Couple of weeks later met Wayne, Stuart, along with Frank Renshaw and Bernie Hogginbottom in a breakfast café. Wayne asked if I would reconsider joining him, seemed a better option to unemployment! This bit is going to sound shitty, but from day one I hated it. I was a paid musician, paid to make a particular noise every night twice sometimes, on demand. I was now 17 and should have been chasing down my own musical aspirations. The money, the lifestyle and of course the glamour kept me locked in, and my musical talent died.
On the road, 3 weeks tour, Hermans Hermits (Peter Noone had financed the tour and was top of the bill!) Wayne Fontana, The Fortunes, Billy Fury, Johnny Kidd, Dusty Springfield (come back to that) and Little Frankie and the Country Gents.
I was 17, used to playing small, intimate, venues and suddenly I’m playing theatres and sharing stages with my idols!
Come on home – Wembley
That 3 week tour turned my life upside down.
I was totally in love with Dusty. I’d watched her, admired her, and I was totally in tune with her musical direction, (me and the rest of the World!). I was convinced that fate had thrown us together and I actually bought her some flowers, went to her dressing room with a prepared speech. Something like “der, I love you, here’s some flowers”. She was in the middle of one major domestic with Madeline Bell. I was devastated the woman I loved, loved a woman.

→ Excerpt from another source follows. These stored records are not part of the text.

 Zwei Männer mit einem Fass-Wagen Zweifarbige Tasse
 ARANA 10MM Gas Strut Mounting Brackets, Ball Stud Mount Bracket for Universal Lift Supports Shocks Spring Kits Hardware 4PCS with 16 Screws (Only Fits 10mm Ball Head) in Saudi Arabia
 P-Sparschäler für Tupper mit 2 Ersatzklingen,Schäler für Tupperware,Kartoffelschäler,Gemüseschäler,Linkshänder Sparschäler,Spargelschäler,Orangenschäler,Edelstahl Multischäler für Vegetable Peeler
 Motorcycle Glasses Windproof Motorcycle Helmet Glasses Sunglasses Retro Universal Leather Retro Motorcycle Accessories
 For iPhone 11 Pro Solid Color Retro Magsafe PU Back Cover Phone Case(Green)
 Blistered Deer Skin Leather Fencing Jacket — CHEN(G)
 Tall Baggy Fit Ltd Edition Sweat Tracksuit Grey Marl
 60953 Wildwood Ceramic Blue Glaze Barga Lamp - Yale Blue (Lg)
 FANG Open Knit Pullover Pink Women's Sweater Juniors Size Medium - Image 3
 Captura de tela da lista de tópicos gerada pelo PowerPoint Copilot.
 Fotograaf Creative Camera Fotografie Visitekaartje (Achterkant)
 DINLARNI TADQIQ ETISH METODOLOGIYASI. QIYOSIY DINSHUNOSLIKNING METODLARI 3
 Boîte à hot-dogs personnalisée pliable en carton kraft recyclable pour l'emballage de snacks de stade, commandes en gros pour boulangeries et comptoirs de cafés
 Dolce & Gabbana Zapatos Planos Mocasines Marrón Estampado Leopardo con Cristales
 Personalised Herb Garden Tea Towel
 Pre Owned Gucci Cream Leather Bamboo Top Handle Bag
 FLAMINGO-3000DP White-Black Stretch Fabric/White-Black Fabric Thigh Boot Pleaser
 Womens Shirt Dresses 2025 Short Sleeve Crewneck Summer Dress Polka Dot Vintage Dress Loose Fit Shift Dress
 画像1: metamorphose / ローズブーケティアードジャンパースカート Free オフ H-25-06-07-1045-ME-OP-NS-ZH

We had a lot of fun on that tour. Peter Noone was 21 while we were young and touring and the last night of the tour in Manchester was a barrel of laughs. If you’re still in touch with him, ask him, although some of the fun was at his expense!
I grew up so quickly in 3 weeks. I shared a stage with Billy Fury, I had won a talent competition at “Brown’s school of dancing” singing half way to paradise, just three years earlier. I sat and talked with him in his dressing room. In one minute he was reduced from my idol to a sad and disillusioned man, his career was over.
Learning to play guitar I had “lead” examples from Hank and the Shadows, (if I don’t mention them later please remind me), and rhythm examples from B.H’s stuff. One riff that every guitarist, learning in that era, will remember is Johnny Kidd’s “shakin all over” guitar intro. I’d learned it, practiced it in front of a mirror thought it was “cool” at the time, and even though my musical tastes had gone into “fast forward”, I still respected the guy.
His performances were good, but musical audiences were so fickle that they were boo-ed. I sat with him later in his dressing room, he played “come back” songs that were never to be.
Hey, what a tour, 3 weeks? On the tour were “Little Frankie and the Country Gents”. Frankie was a powerhouse, lulu x10. She really was good on stage and a great personality. She was engaged to Carl Green of H.H. on the same tour. Shortly after that tour Frankie broke the relationship with Carl and we got engaged.
We were in different bands, gigging touring and didn’t see enough of one and another, so she quit the band. I regret that, she was good, should have gone on. Sorry.
I was still working, touring with Wayne, not enjoying it, losing my hunger, my passion. Working with good musicians, Frank, Stuart, Bernie, and of course Wayne, incredible voice and great showman but not my music.